First, let’s take a look at not just the recent history of the league, say the last 8 years or so, but its history in sum total. In that time span, there have been more super teams than could fit into a Marvel Avenger’s film. From Paul Pierce and the “Boston Three Party”, to what I’m calling “The Gold Standard” in Oakland. Joining forces is the easiest and most sensible way to win multiple championships. I say multiple because these days it takes an insurance ring to validate any player’s legacy.

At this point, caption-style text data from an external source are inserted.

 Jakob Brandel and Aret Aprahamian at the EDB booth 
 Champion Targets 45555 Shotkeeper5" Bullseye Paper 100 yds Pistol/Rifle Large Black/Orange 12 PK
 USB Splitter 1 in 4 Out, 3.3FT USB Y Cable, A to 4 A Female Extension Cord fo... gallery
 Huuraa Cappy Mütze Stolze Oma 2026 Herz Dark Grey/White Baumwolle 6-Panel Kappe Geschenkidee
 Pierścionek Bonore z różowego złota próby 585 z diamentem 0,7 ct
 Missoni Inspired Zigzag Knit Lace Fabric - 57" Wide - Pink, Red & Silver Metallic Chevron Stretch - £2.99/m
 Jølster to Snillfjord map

Chemistry and cohesion is more paramount in the NBA than it is for Walter White. You can possess all the talent in the world and crumble like gravel at a construction site without drive and focus. Despite Draymond Green’s most recent transgressions, which as a Michigan State fan make me nauseous, Durant and his 28 points per game, joins a team with a hyper-adaptable head coach in Steve Kerr, Sixth Man extraordinaire Andre Iguodala, and Klay Thompson, the heartbeat of the Warriors. If it works, it will work really, really well.

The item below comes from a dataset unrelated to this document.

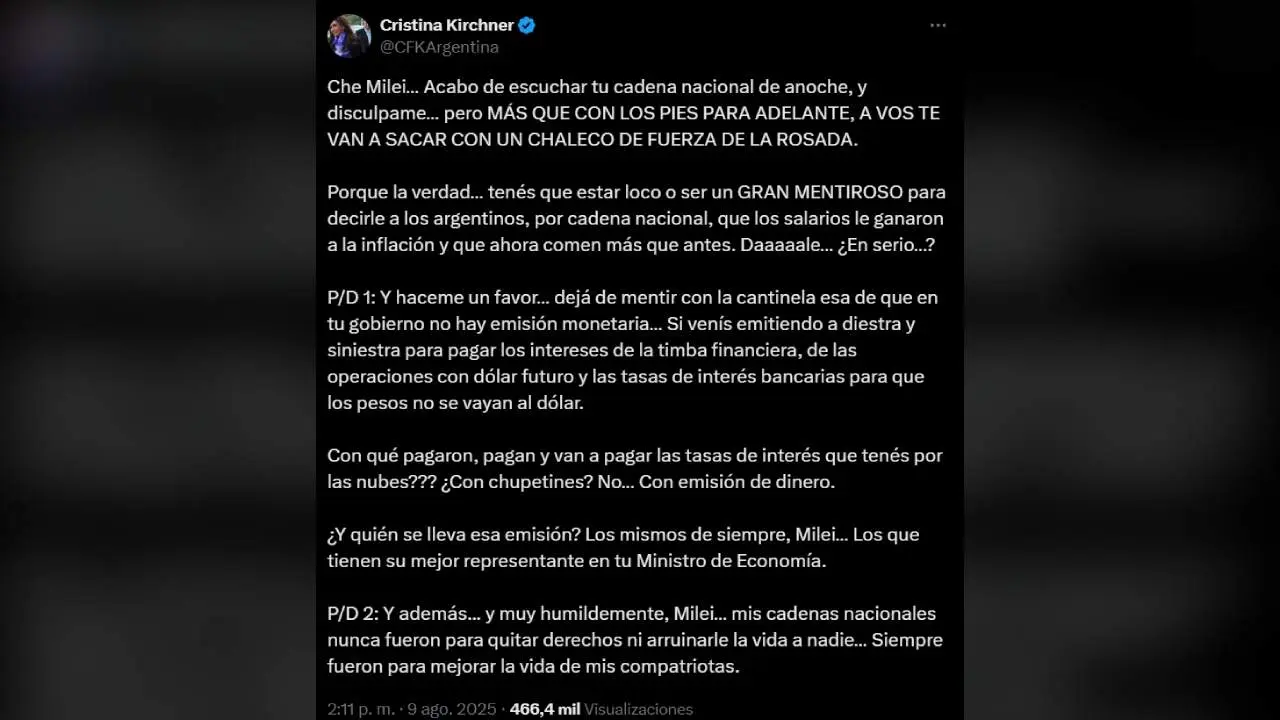 El posteo de Cristina Kirchner en X (Twitter) hablando sobre la cadena nacional de Milei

No one comes to the NBA with the goal of not winning a championship, but not that many teams get to check that box because the power in the league is very compartmentalized. If you’re not the Celtics, Lakers, Bulls, or even the Warriors, you’re an interloper.

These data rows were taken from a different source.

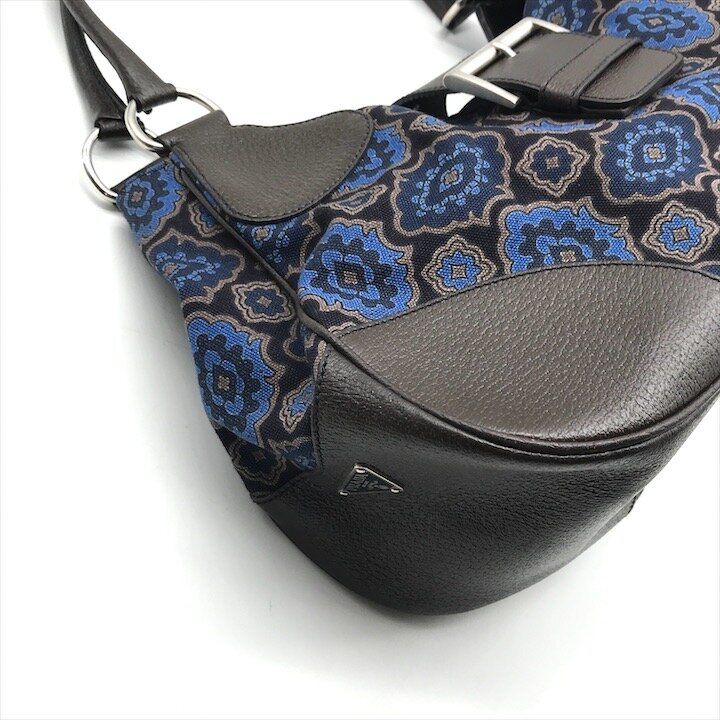 Prada Milano Leather Canvas Hand Bag Navy — view 5
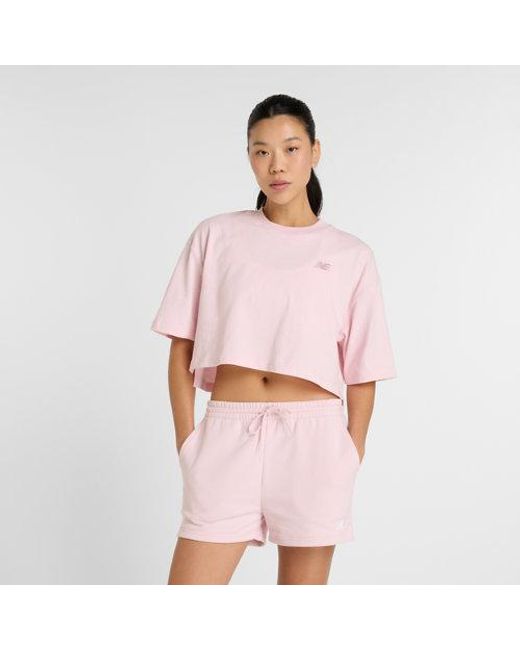 New Balance Pink Damen Logo Oversized Jersey T-Shirt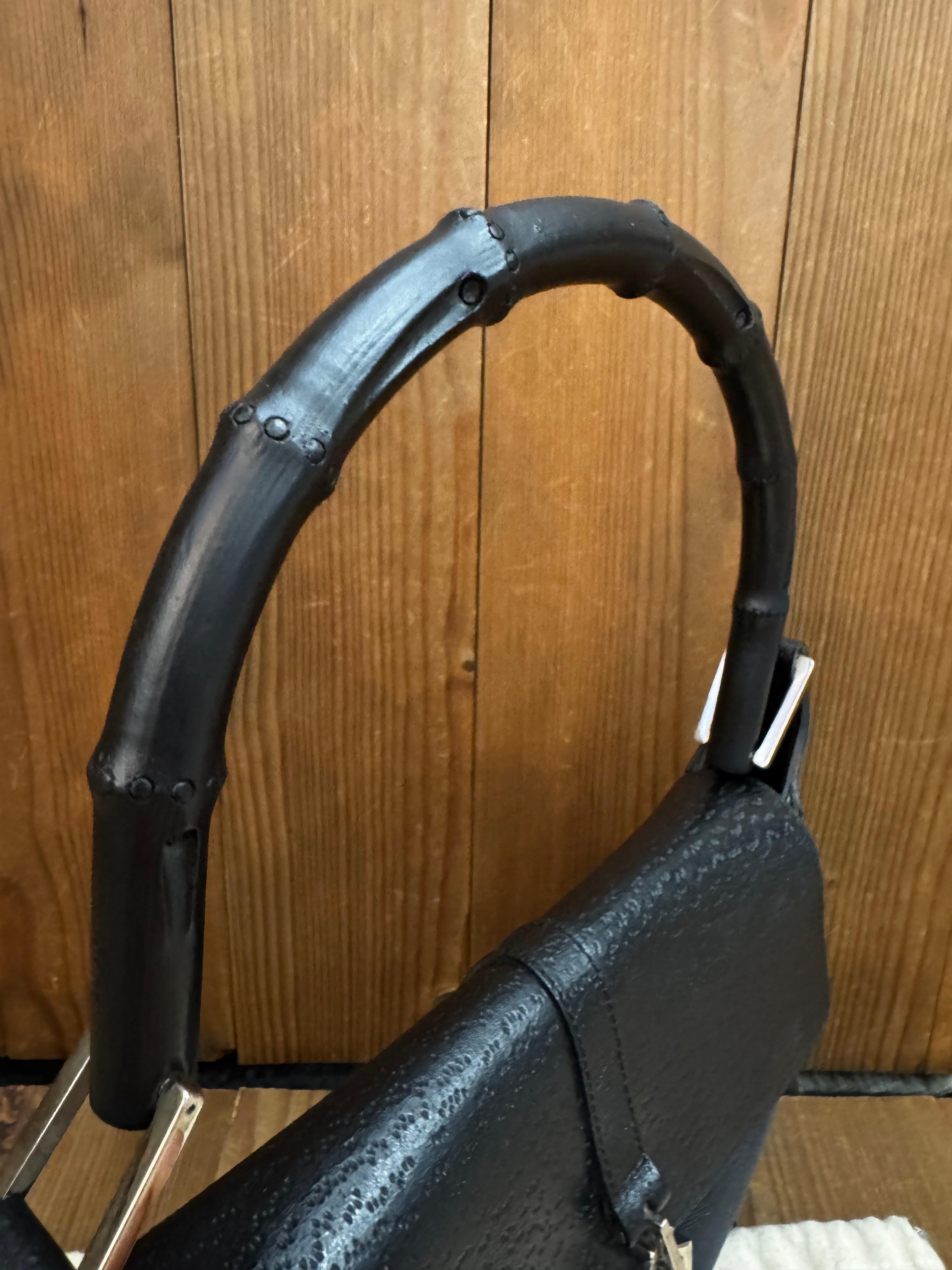 1990s Tom Ford GUCCI Jackie Bamboo Hobo Shoulder Bag Black Canvas Small For Sale 4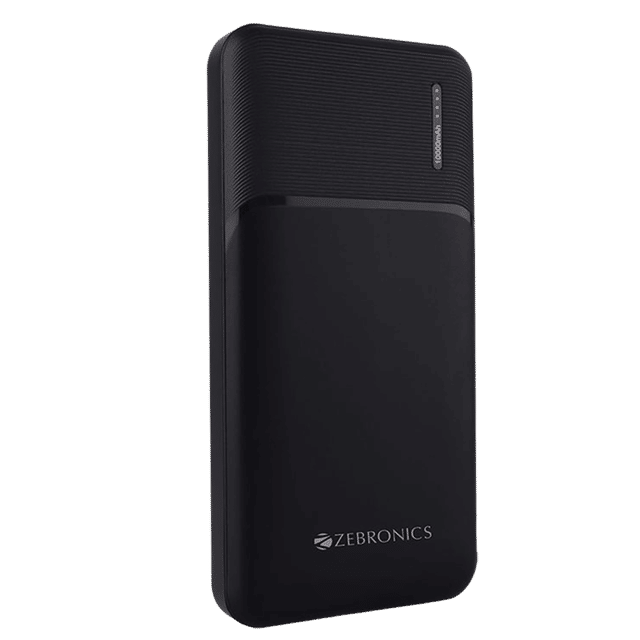 ZEBRONICS 10000 mAh Power Bank (2 Type A, 1 Type C & 1 Micro USB Ports, LED Indicator, Black)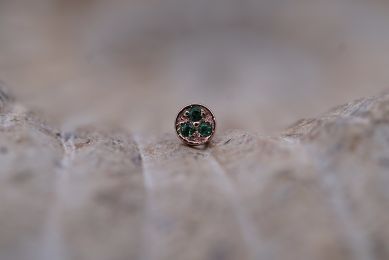 Pave Circle (Option: 3mm Rose Gold triple 1mm Emerald)
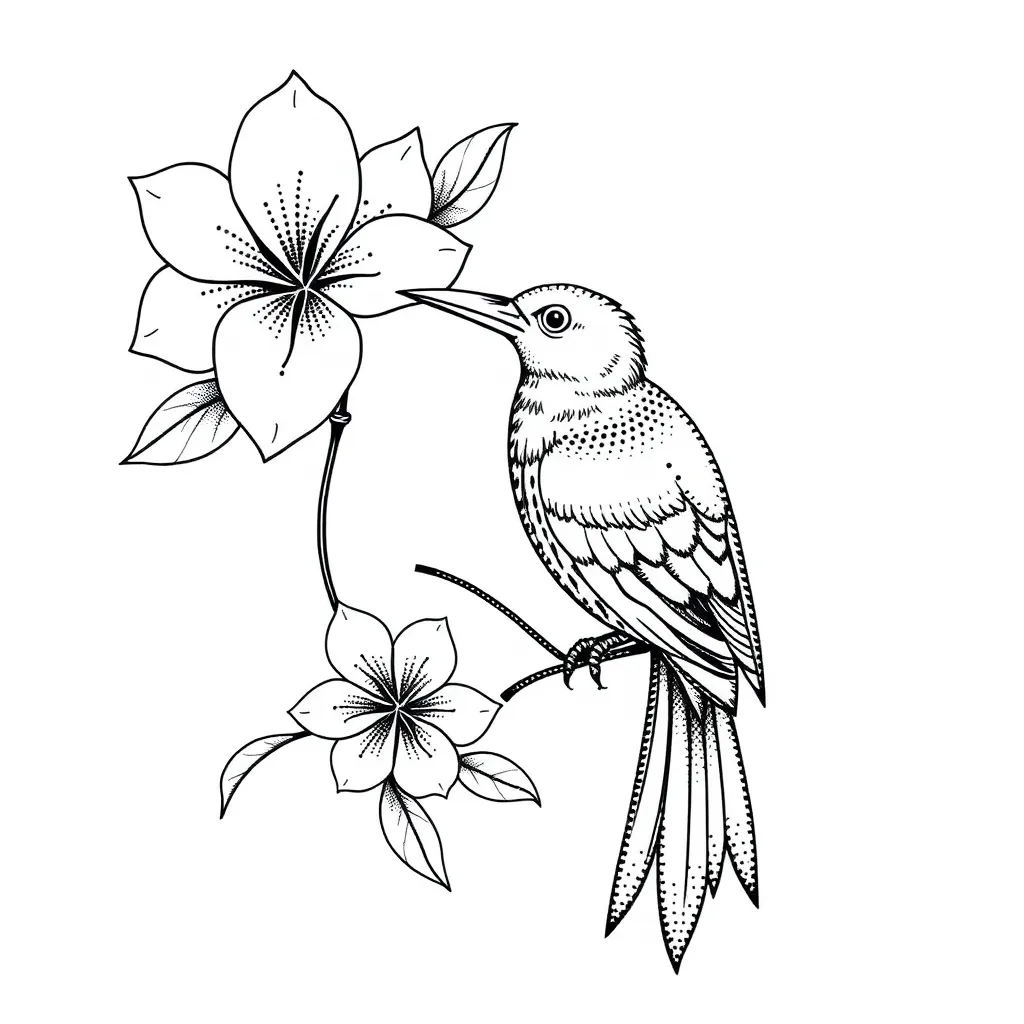 flowers tropical and bird tatoeage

It brings me no great joy to make that statement as my Detroit Pistons are relegated to building teams composed exclusively of role players. It took nearly a decade for relevant basketball to return to the Motor City after Chauncey Billups and the Bad Boys 2.0 ousted the heavily-favored Lakers in five games. Andre Drummond’s pathetic free throw shooting notwithstanding, the Pistons are still looking for the last puzzle piece to become a serious contender again.
You can draw some parallels here in Boston, young team anchored by newly-minted superstar Isaiah Thomas, and about 600,000 wait and see draft picks accrued by Danny Ange. Jae Crowder is a nice piece, so is Marcus Smart, but with all their youth, the Celtics are still a dark horse for hanging their 18th NBA championship banner.
Back to Durant. I have a problem with people throwing around the term “Evil Empire” when referring to the current rendition of the Golden State Warriors. That moniker is only earned after decades of reprehensible winning streaks, and a history of divisive figures. That title is reserved for teams like the Yankees, Dallas Cowboys, and Duke Blue Devils. Sure, you can hate a team, but there is a distinction between “most-hated” and “Evil Empire”.
Durant is a good dude, he uses his immense public profile to do NBA Cares projects, he became a legend at the University of Texas, and he’s more understated than you think. He wants to win a title while he’s still very much in his prime, and he took the opportunity. He didn’t do it while beating his chest, nor did he make the world suffer through an ego stroking special on ESPN.
So that’s that. The Durantula is near the top of the food chain in the animal kingdom, and quite frankly, no one made history in this signing. The NBA has and always will be a league of haves and have-nots, but the truth is, before this free agency deal and setting the regular season win mark, the Warriors were sort of a well-liked team. Maybe it’s time to back ease up on KD. The time to earn it starts in a few short months.